贵妇人的注意力立刻被鎏金小瓶吸引,刚才的尴尬烟消云散。王夫人恨恨瞪了李晚晴一眼,却被同伴拉着去看香方,只得作罢。
摊位重新热闹起来,李晚晴退到棚子角落,指尖绞着帕子,心跳如鼓。苏砚白递来半块绿豆糕,低声道:“今日多亏你,不然那些婆子能把我舌头嚼烂。”
“我……我只是不想让人说你闲话,”李晚晴咬了口绿豆糕,甜丝丝的味道混着紧张,“你昨日教我的《宋刑统》条文,倒真派上用场了。”

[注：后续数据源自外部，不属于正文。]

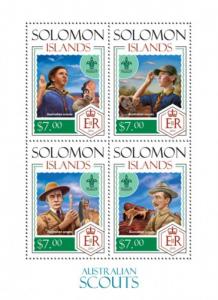 SOLOMON ISLANDS 2014 SHEET AUSTRALIAN SCOUTS slm14111a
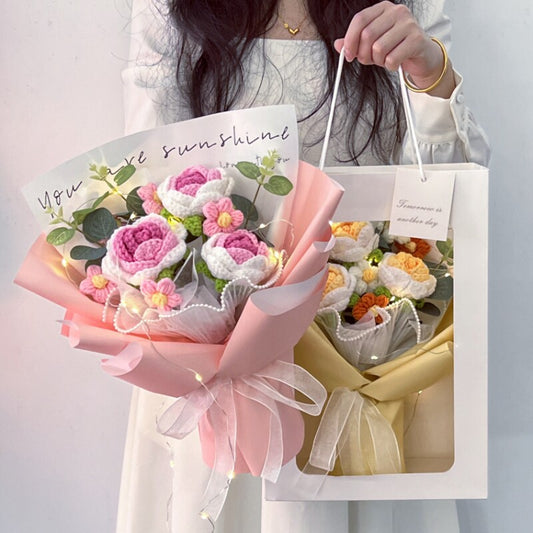 Valentine’s Day Knitted Bouquet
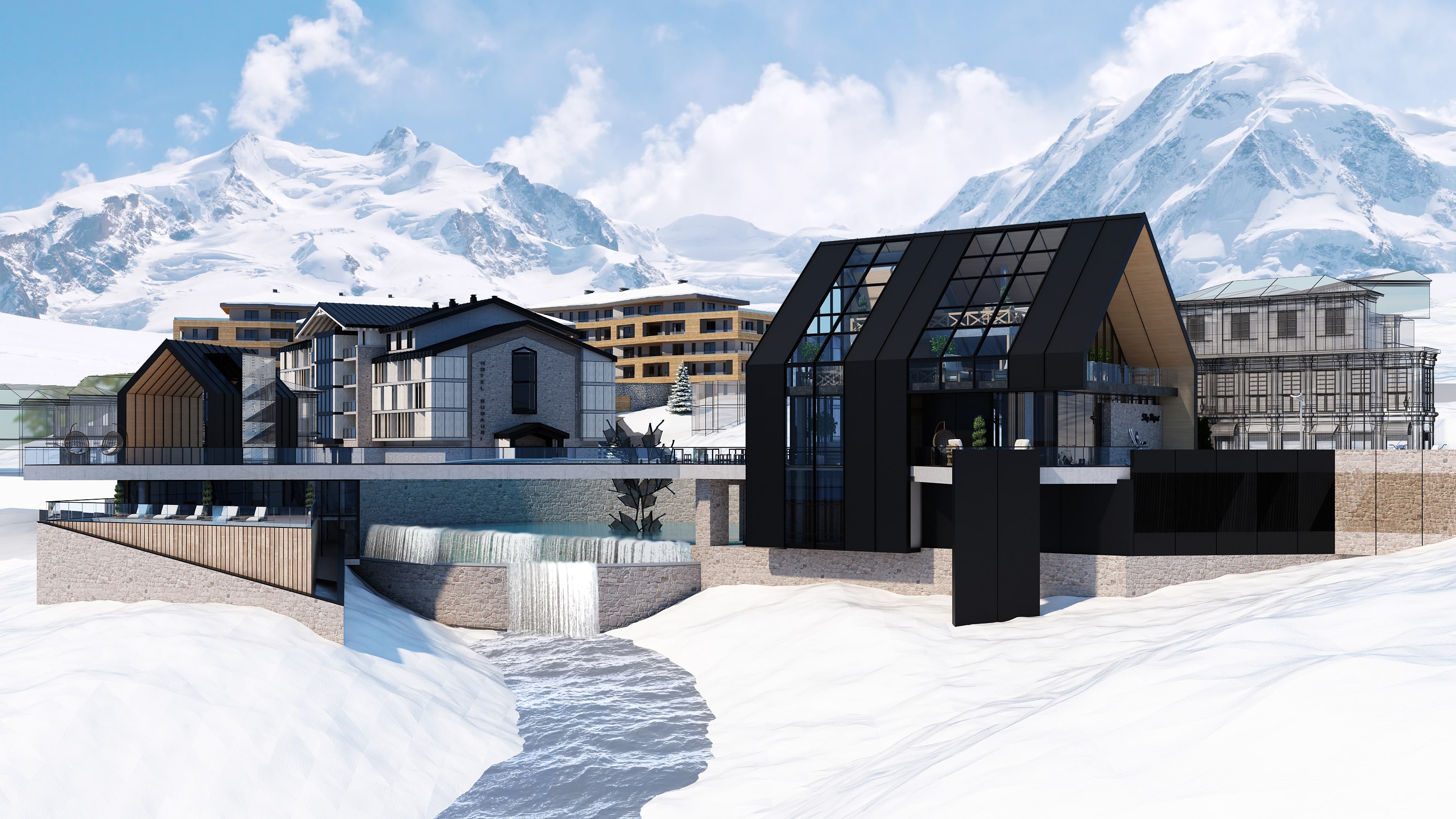 Sketching and planning concerning Gudauri spa and hotel are over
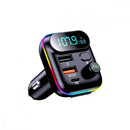 Carregador Transmissor Veicular com MP3 Player Bluetooth 5.1 RGB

苏砚白轻笑,想起昨夜在油灯下,他翻着从书肆淘来的律法书,耐心给她讲解“夫妻共财”的条例。那时她听得认真,指尖在书页上轻轻划过,像在触摸某种从未有过的安全感。
申时初,胭脂卖得七七八八,苏砚白让伙计看着摊位,自己带着李晚晴去街角的茶寮歇脚。二楼临窗的位置,能看见朱雀街的车水马龙,他忽然指着对面绸缎庄道:“看见那匹湖蓝缎子了吗?我打算买来做香囊,装鹅梨香的香丸。”